With Coastal Carolina University’s constant expansion comes the expectation of efficiency. CCU’s new 7,200-square-foot Central Cooling Plant not only meets these expectations; it exceeds them. The first phase of the plant has just come online and will service more buildings through spring and summer. The plant is pumping 1,000 tons of cooling capacity to start, the plan is to progressively work up to 2,800 tons when expansion is complete in 2025. The buildings currently included in this new matrix are the R. Cathcart Smith Science Building, Kenneth E. Swain Hall, Kimbel Library and Bryan Information Commons, Wheelwright Auditorium, Spadoni College of Education / Kearns Hall and Lib Jackson Student Center.

But it doesn’t stop there.
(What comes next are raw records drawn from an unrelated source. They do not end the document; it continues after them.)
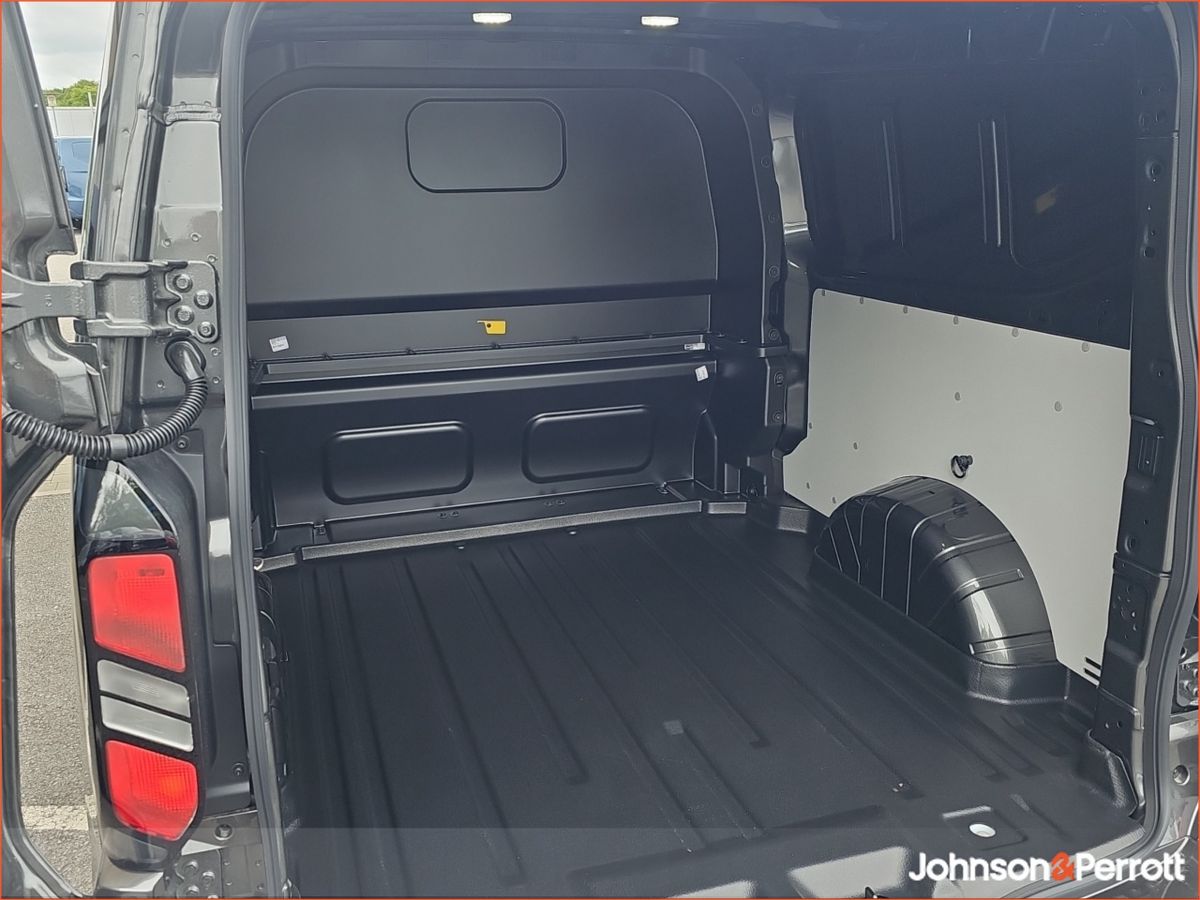 Ford Tourneo Custom Limited PHEV Long Wheelbase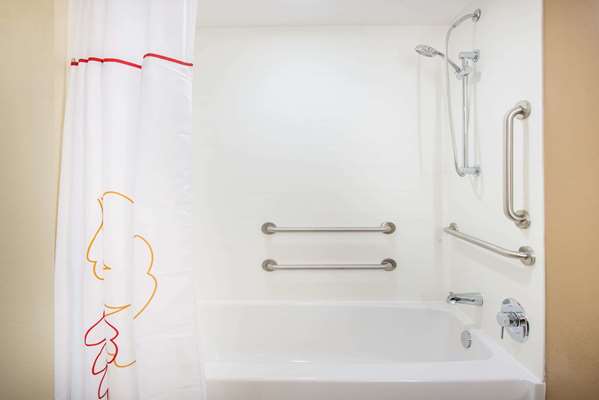  - Hawthorn Suites by Wyndham St Clairsville - I-70, Exit 218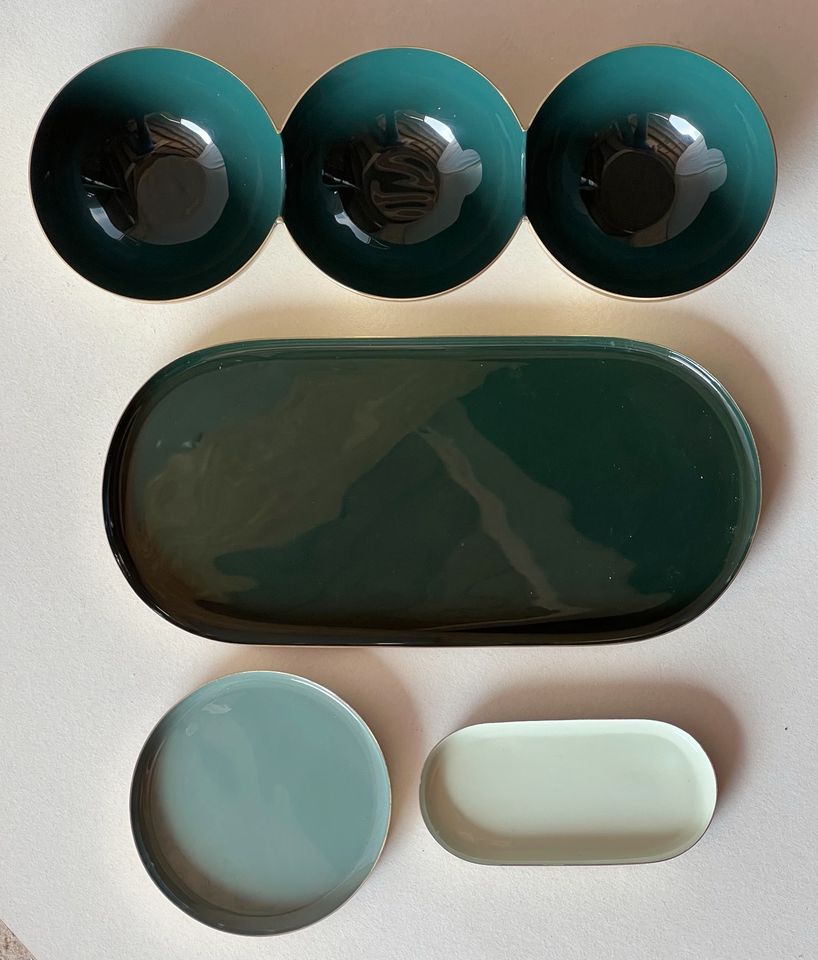 Gift Company Serie Layer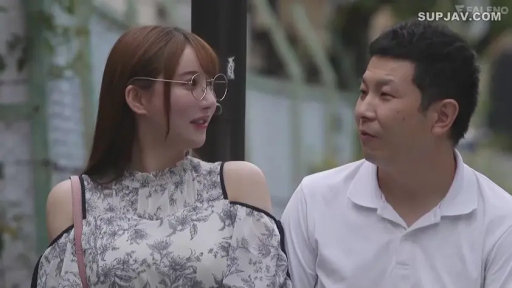 交谈 · 中景 · 微笑 · 户外街道 · 并排而坐 · 圆框眼镜 · 碎花露肩装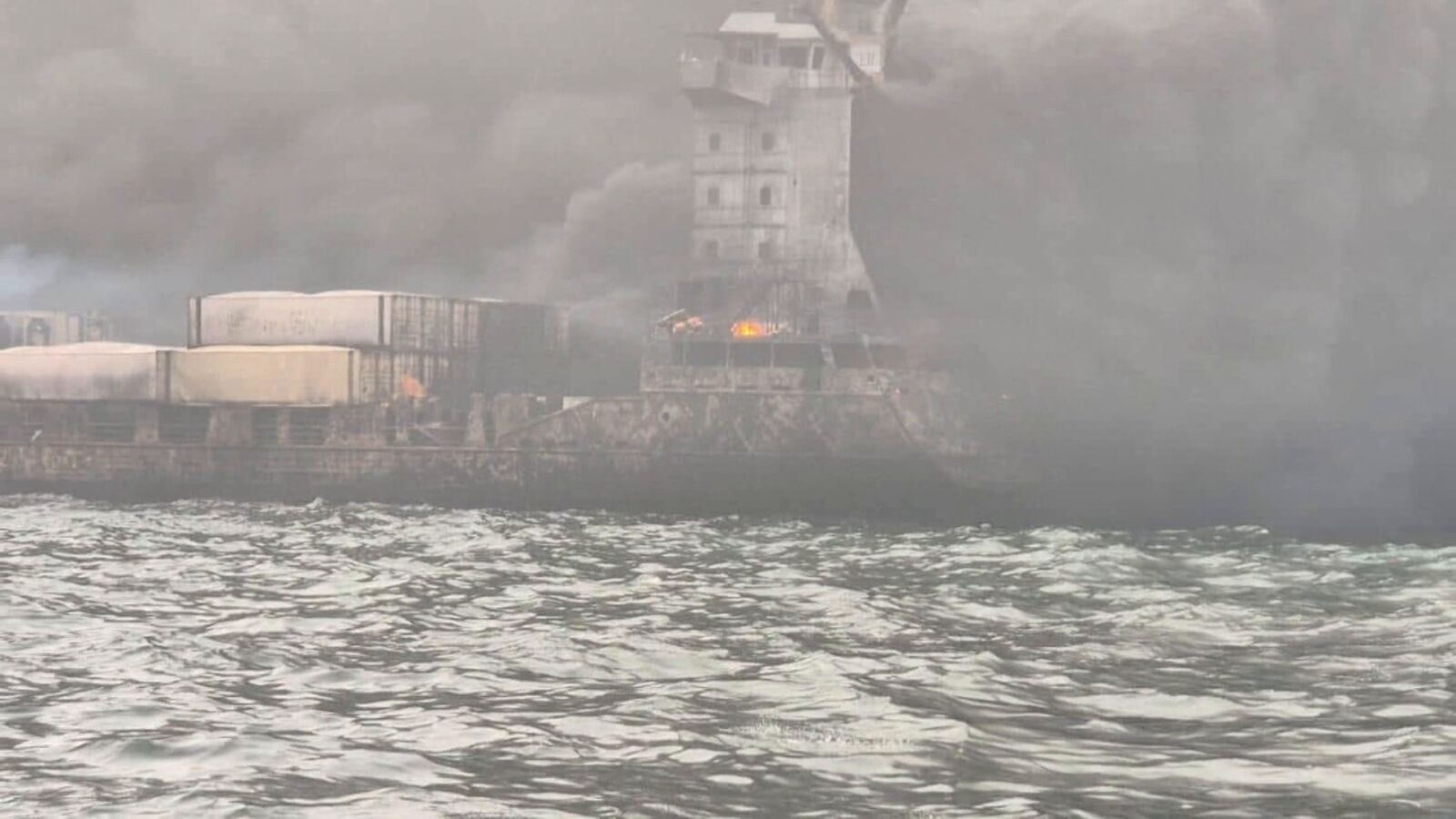 VÍDEO: Chocan un buque de carga y un petrolero con 32 rescatados en la costa de Reino Unido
When the project reaches its full design of 2,800 tons, it will also cool Atheneum Hall, the softball and baseball complex, phase II of the science annex, a new academic building, and a food and catering service adjacent to the Williams-Brice Recreation Center. The final phase of the cooling plant could extend the serviceable range to future buildings, if required, at CCU’s U.S. 501 entrance.

“The purpose is to get as many buildings as we can off their own chillers and served by a central unit,” says Project Manager Ron Gardner of CCU’s Department of Facilities Planning and Management. “It’s a state-of-the-art direct digital control system that will reduce our energy usage by up to 40 percent.”

The plant itself is made up of a cooling tower, water-cooled chillers and cooling pumps. All of the buildings supported by the plant will receive their air conditioning via an underground chilled water distribution system. The system will be controlled in each building with automated controls. The new system will use the existing natural gas systems to heat all of the buildings on its matrix. Natural gas is considered an environmentally friendly and energy-efficient source of heat.

This setup also allows for a more efficient system, housed in a smaller area. The cooling plant takes up considerably less space than the combined number of units it will replace at the individual buildings. “Plus, we free up the space by burying the lines underground and use less air in the process,” Gardner says.

After the plant comes online, at full power, serving the first phase of facilities, it will only use 70 percent of its cooling capacity or 700 tons of the 1,000 tons of total capacity. “The system was designed to run at its optimum efficiency between 80 and 90 percent of the total cooling capacity,” Gardner says.

This efficiency leads to a better certification from the Leadership in Energy and Environmental Design (LEED), which is the international system for certifying green building projects. LEED rankings can range from silver, gold and platinum. “This centralized plant will help all of our current and future building projects to be recognized with the highest level of certification possible,” Gardner says. “And we only had to dig up the whole campus to get here.”